The sub-models are then aggregated by the performance model
generator to create a predictive model 412 based on the input
parameters.
[0049] The sub-models can be stored in the storage layer for other
performance models to later reference in accordance with a
create-once-query-many-times scheme to save space and processing
cycles. Thus, the performance model 426 can be a collection of
pointers to sub-models that are stored in the storage layer. When
new data enters the storage layer, the model generators can
actively (i.e., upon user request to refresh) or passively (i.e.,
as a background service, process, or thread) refresh the sub-models
so that the sub-models have up-to-date information when their data
is referenced.
[0050] The sub-models can be aggregated using any of the analysis
packages and tools or based on trained data.

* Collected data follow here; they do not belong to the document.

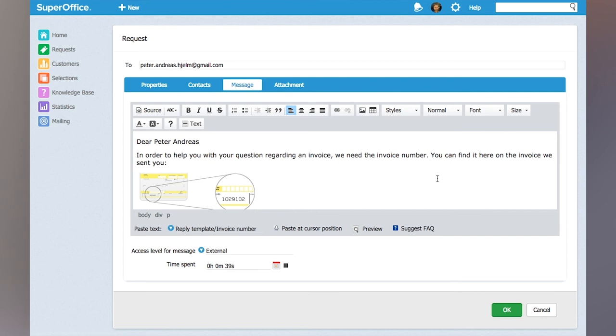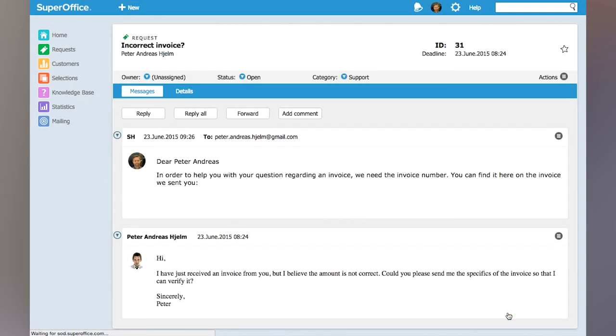All I need to do now is click OK and this email is sent to Peter and he can respond back with the correct invoice number.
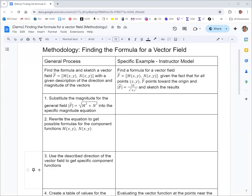In this video, we're going to look at finding the formula for a vector field. We're asked to find the formula for a vector field f, with first component function m as a function of x and y, and second component n as a function of x and y, given that for all points f points towards the origin, and the magnitude of f is 10 over x squared plus y squared. We'll also sketch the results.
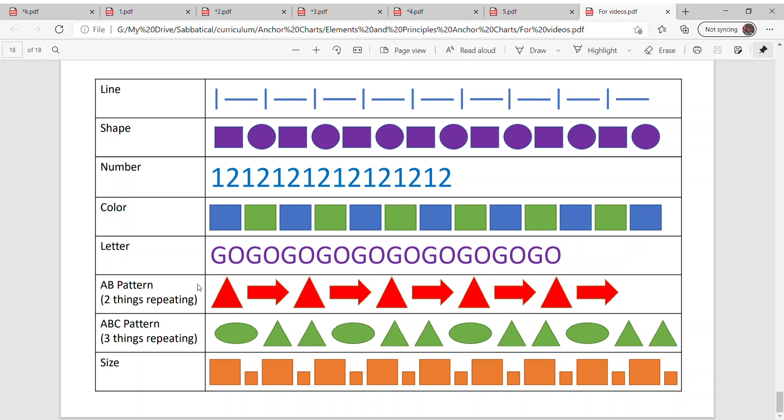A B pattern, which is what the above are, are two things that are repeating. So triangle, arrow, triangle, arrow, triangle, arrow.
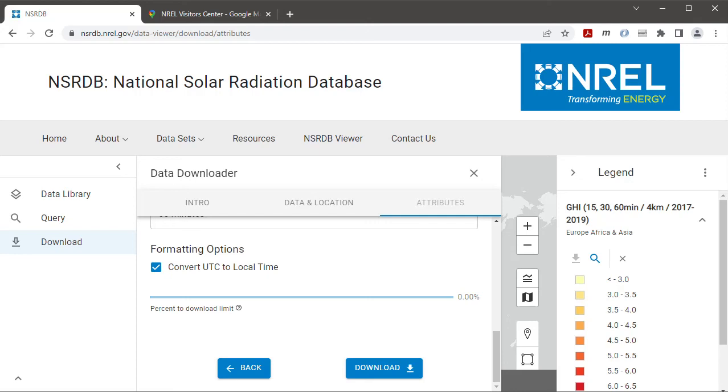That might be in your junk folder so you might want to check there if you don't see the email. And the email contains a link that I'll click to download the weather file.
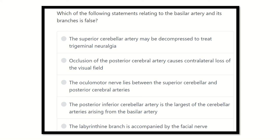Hi everyone, welcome to another question solve session. Question solving is one of the best ways to prepare yourself for passing the MRCS exam and carrying good marks.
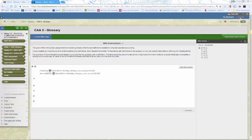Hello and welcome. This is an intro video to help get you started on the wiki glossary for Computer Assisted Accounting 2. The first assignment in this course is to add some terms to the wiki glossary with definitions.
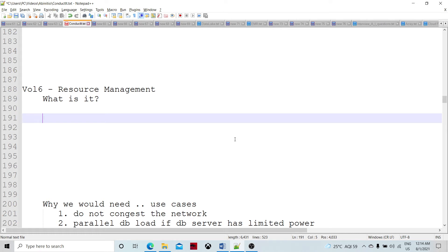Hello friends, welcome to Data Pandit. Let's talk about resource management, how resource management happens in Conduct IT or in Abinitio Conduct IT basically.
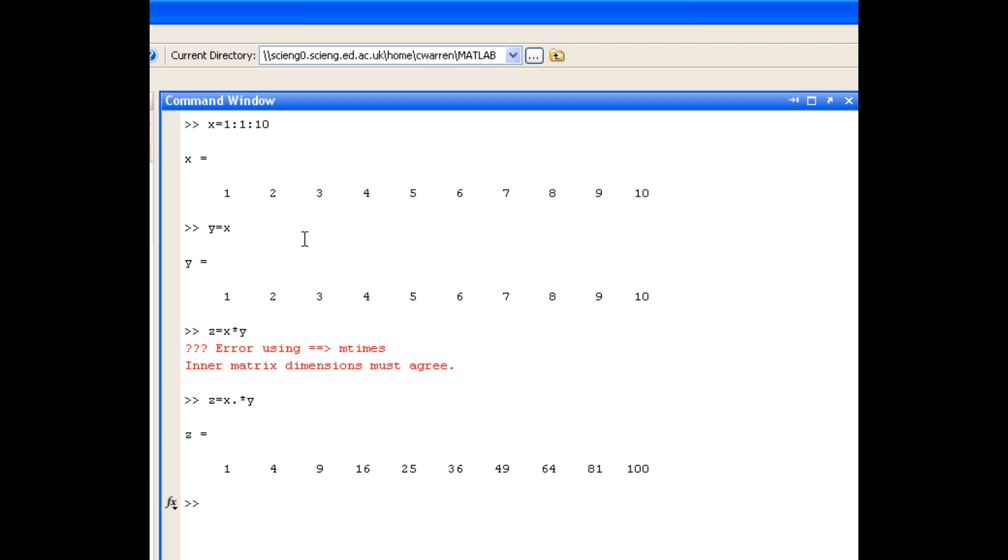And this tends to trip people up a lot when they're calculating large formulas and they forget that there are vector quantities in those formulas. And whenever you have a vector quantity and you want an element by element operation, you have to precede the operator with a dot.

For example, using the
regression analysis package, the sub-model 412 can be generated
with the performance model's recognition that model 402 shows that
the salesperson's sales of product P.sub.1 are converging to a
number or range over time, model 404 shows increasing sales
revenues until a plateau point, model 406 shows that the
salesperson tends to generate higher revenues when given more time,
model 408 shows that the salesperson tends to generate higher
revenues when contacting a potential lead between 2 and 4 times,
and model 410 shows that the salespersons tends to generate higher
revenues with customers C.sub.4 and C.sub.7 both of which are leads
in the current sales campaign. Thus, one potential aggregation
would be to use model 404 with matching axes as a baseline model
and then adjust the baseline model accordingly in light of the
other models, for example, upwardly due to the relatively long
duration parameter associated with the current sales campaign in
light of model 406, and upwardly due to the fact that customers
C.sub.4 and C.sub.7 are both target leads in the current sales
campaign in light of model 410.
[0051] Various sub-models can serve as factors for calculating a
confidence measure of predictive model 412. For example, model 402
may increase the performance model generator's confidence measure
of predictive model 412 due to the converging nature of the data in
model 402. As another example, model 410 may decrease the
performance model generator's confidence measure of model 412 if
another sub-model (not shown) indicates that customers C.sub.4 and
C.sub.7 both purchased product P.sub.1 within the past quarter and
have a product purchase frequency for P.sub.1 that is much lower
than 1/Q.
[0052] The data in the sub-models of the performance model 426 is
shown as curved lines, but the original data can be a collection of
data points. The curved lines can represent an interpolation or
extrapolation of a plurality of data points, created using any
known numerical approximation method. For higher accuracy and
higher computational complexity, higher-order polynomials can be
used to curve-fit the data. For lower accuracy and faster
computation, lower-order polynomials can be used to curve-fit the
data. Irrespective of whether the data is curve-fit, it is
preferable to preserve the original data points in the sub-model
data to minimize error in downstream calculations.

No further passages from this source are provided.